KNOXVILLE, Tenn. — Monday marked the start of years of detours for around 10,000 vehicles that travel daily on Broadway north of Downtown Knoxville.
TDOT closed the Broadway viaduct, the long bridge where Broadway crosses a rail yard between Jackson and Depot Avenues. The state is spending $17 million to rebuild the 90-year-old bridge. Construction should be finished by August 2022.
For businesses at the revitalized portion of Jackson Avenue, the closure will require some adjustments for customers and employees.
"The viaduct is the main thoroughfare coming through from North Knoxville into downtown. Our employees, it's going to affect a lot of them and how they drive to work. But the important thing is you can still get here. We've just got to get used to it and adapt," said Richard Hurd, general manager of Balter Beerworks at the corner of Broadway and Jackson Avenue.
The ownership and management at Balter Beerworks knew the plan to rebuild the viaduct had been brewing for a while.
"We've known for years. Actually, since we built the building, we knew it was coming. So, it was just a matter of when, not if. It is a little inconvenient, but there are alternative roads," said Hurd.
Balter may not be impacted as much as other businesses on Jackson Avenue. The brewery still has three main parking lots that are easily accessed from side roads. Signs around downtown point customers in the direction of "bbq and beer."
"Sweet P's put those signs up just to let people know. Because it's basically a dead end down there [at Sweet P's] with the closure of the ramps from Gay Street onto Jackson. You have to drive up Broadway from downtown and then turn right on Jackson to get down to their business," said Hurd.
A couple of months ago, the city shut down access from Gay Street to Jackson to rebuild deteriorated ramps. Construction on the ramps should be complete by September 2020.
The city's downtown coordinator, Rick Emmett, said having two simultaneous road closures for separate projects is difficult for businesses in the area. But both the city and state projects needed to move ahead.

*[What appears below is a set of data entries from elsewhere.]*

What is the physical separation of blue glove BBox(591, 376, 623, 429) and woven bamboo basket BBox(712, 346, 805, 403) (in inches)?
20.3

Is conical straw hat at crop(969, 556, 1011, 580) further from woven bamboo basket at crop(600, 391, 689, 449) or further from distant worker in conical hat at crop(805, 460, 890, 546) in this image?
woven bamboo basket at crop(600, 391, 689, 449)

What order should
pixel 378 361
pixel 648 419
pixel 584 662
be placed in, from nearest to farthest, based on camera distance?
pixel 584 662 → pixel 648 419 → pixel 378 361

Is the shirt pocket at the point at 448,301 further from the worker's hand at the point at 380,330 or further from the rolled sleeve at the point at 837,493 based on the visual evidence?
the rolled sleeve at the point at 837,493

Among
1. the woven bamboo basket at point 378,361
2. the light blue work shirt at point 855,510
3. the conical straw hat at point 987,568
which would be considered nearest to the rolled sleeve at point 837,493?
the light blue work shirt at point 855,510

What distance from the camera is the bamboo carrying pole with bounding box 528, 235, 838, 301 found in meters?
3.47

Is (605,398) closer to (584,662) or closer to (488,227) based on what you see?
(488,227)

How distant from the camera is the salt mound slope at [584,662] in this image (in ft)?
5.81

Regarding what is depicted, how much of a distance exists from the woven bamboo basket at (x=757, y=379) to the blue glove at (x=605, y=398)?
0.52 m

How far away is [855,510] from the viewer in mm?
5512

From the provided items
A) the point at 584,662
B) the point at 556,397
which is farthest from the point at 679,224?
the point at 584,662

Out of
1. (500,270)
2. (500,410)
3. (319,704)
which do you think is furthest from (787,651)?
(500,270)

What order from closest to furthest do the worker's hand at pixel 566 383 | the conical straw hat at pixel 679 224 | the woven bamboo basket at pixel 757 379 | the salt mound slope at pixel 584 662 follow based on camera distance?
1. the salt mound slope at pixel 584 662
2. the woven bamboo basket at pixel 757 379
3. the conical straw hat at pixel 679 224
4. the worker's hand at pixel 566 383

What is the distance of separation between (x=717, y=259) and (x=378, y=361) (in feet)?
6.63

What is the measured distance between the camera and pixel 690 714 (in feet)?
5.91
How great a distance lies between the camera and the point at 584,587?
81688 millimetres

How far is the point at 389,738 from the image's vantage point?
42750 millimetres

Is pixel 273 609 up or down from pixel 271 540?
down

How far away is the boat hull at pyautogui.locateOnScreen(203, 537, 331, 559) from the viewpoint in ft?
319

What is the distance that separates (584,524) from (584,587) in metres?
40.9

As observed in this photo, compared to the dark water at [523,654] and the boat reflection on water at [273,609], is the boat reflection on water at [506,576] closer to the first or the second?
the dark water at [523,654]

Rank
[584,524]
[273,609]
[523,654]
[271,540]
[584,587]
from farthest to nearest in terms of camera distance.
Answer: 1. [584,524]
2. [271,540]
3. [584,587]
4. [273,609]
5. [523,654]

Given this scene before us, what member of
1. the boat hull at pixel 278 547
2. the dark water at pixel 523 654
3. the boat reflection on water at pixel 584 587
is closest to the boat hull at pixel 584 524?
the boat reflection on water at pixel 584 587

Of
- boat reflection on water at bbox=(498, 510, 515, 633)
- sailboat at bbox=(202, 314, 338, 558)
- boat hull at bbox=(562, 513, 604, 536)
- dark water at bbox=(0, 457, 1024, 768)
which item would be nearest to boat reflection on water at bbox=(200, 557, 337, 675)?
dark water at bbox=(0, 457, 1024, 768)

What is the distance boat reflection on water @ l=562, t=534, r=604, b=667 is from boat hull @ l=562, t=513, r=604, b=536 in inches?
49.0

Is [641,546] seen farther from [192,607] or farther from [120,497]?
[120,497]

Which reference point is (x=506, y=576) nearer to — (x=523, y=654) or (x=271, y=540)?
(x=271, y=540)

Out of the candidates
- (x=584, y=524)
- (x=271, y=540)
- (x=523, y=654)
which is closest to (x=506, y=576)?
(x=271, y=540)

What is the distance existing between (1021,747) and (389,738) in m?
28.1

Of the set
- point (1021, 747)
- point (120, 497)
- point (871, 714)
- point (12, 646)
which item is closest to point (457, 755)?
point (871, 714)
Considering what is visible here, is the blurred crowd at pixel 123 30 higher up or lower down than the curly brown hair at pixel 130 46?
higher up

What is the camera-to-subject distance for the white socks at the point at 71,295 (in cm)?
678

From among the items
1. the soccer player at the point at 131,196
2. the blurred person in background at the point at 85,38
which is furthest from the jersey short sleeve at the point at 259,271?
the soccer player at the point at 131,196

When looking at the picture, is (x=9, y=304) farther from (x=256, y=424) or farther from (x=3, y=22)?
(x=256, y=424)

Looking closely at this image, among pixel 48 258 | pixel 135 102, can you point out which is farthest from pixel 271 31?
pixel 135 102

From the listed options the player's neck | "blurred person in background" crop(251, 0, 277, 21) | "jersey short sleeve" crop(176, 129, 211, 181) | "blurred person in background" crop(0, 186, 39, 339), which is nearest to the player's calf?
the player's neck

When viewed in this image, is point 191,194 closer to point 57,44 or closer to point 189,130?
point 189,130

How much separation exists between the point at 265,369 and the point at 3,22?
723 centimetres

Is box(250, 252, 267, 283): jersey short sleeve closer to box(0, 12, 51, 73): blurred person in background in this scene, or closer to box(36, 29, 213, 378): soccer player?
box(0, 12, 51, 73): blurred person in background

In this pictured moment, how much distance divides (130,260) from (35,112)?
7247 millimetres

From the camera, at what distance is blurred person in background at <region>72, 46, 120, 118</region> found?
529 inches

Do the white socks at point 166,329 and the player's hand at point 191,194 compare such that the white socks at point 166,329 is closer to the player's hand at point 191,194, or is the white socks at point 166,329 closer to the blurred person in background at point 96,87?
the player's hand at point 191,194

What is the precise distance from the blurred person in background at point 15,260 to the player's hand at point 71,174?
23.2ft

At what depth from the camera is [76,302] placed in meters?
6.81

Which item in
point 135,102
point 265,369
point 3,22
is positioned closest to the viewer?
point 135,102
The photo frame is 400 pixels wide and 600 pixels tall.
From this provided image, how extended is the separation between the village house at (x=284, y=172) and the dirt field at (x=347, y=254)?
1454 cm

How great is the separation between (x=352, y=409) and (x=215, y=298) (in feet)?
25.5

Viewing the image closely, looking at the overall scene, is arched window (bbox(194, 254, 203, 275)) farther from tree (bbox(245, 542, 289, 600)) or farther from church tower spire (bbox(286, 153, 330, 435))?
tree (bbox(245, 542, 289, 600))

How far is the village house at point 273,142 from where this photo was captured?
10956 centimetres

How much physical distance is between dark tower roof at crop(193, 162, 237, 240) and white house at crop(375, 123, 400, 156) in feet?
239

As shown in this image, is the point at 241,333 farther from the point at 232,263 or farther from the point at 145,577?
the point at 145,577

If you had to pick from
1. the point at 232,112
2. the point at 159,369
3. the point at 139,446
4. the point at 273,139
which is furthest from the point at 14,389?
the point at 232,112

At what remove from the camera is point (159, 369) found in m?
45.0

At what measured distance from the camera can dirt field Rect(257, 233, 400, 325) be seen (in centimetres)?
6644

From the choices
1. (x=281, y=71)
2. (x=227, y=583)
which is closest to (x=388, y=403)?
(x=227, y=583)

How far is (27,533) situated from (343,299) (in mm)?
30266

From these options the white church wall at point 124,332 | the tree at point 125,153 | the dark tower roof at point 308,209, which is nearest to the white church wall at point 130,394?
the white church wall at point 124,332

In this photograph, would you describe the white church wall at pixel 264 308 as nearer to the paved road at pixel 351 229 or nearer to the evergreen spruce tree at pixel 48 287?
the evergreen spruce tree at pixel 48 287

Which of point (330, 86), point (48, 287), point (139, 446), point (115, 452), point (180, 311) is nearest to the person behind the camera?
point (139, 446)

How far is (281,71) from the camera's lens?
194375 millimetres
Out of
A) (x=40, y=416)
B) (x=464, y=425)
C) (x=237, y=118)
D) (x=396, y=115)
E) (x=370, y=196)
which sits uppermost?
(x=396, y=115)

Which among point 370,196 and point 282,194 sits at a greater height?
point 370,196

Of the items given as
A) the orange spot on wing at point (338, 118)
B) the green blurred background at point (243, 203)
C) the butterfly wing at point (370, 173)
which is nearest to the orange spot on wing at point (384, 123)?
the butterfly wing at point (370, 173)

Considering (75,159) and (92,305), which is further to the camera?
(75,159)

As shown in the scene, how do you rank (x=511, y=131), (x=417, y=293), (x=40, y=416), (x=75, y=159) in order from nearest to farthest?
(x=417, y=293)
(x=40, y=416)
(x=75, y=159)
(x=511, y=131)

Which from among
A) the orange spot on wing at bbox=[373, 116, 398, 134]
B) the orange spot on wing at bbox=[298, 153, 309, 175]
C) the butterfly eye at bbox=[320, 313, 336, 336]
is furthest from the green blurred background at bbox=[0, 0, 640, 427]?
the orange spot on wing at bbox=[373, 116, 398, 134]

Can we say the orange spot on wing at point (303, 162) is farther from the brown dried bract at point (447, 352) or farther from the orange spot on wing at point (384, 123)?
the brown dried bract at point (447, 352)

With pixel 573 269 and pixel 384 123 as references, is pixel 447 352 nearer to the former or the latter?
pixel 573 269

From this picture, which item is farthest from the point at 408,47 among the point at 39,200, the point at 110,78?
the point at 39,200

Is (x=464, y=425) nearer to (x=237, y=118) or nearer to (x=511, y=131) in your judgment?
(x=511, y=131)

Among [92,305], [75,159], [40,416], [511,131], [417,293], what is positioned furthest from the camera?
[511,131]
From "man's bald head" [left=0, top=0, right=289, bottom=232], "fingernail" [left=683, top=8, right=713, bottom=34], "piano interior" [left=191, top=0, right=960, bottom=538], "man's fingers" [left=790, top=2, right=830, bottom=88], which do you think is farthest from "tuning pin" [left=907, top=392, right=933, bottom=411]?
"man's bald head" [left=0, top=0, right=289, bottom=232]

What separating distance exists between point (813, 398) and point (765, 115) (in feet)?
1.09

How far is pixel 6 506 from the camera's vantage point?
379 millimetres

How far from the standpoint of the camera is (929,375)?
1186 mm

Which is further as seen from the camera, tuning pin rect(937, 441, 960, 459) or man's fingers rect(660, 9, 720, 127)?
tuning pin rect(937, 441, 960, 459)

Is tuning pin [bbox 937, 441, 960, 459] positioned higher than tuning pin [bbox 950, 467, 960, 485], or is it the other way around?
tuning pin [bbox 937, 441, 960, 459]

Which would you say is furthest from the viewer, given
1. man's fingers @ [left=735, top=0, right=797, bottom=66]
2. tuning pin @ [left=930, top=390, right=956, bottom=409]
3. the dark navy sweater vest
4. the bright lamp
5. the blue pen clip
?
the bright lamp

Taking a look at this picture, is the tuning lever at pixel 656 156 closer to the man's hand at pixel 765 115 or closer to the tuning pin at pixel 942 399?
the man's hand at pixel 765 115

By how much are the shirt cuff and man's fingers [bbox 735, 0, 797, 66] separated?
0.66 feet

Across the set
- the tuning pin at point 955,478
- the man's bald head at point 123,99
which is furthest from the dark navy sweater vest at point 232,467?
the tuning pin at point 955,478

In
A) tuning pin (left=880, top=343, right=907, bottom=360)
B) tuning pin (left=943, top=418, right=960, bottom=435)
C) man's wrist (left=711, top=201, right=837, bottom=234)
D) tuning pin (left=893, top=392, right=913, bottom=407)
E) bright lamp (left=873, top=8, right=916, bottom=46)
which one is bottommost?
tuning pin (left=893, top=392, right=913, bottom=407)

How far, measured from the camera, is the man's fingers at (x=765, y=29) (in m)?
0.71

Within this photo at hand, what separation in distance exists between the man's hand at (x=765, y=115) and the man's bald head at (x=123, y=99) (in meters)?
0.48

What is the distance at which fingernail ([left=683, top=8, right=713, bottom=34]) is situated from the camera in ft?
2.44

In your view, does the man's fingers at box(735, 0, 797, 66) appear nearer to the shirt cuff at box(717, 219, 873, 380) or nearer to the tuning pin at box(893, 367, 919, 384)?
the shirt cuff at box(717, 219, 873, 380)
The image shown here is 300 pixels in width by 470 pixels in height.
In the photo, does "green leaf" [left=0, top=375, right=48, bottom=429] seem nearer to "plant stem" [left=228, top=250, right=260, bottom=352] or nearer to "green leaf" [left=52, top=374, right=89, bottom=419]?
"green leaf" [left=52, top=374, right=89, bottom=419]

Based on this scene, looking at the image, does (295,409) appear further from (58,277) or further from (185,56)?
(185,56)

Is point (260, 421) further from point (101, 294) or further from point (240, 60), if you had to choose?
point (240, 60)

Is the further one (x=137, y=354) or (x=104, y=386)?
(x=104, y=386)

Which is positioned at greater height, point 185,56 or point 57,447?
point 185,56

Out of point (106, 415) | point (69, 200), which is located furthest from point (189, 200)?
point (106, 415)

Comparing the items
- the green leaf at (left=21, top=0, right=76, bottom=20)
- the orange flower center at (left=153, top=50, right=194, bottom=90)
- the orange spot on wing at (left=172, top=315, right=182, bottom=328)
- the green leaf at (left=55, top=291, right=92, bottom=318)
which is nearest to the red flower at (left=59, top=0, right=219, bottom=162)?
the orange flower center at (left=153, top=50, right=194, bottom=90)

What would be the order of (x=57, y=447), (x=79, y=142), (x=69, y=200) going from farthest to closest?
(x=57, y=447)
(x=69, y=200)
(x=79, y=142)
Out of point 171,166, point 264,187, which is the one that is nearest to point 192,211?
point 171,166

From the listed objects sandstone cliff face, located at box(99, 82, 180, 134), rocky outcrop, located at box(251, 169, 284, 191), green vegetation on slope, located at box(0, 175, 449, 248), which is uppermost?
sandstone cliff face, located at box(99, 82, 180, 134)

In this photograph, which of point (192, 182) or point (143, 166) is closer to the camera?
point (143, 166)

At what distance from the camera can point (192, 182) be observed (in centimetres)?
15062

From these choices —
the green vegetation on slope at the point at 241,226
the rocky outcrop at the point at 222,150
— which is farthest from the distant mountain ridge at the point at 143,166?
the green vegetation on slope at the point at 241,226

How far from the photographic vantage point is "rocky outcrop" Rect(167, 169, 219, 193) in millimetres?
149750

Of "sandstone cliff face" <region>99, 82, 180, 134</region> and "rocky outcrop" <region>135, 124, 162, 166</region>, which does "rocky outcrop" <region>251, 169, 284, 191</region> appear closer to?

"The longer you delay them, the longer it's going to take to get the job done. We just went ahead and started our [city] project and it's unfortunate it coincided with the state finally getting everything ready. Both of these projects have been in the works for a very long time. But that's the way the timing worked out and we'll get both of those projects done as soon as we can," said Emmett.
Until the ramps and the viaduct reopen, businesses hop customers will keep them on tap despite the inconvenience of a few extra turns downtown.
"Once people get used to where to go and where the roads will be accessible, I don't think it'll be a huge issue. We're all still open and appreciate the support of all our customers," said Hurd.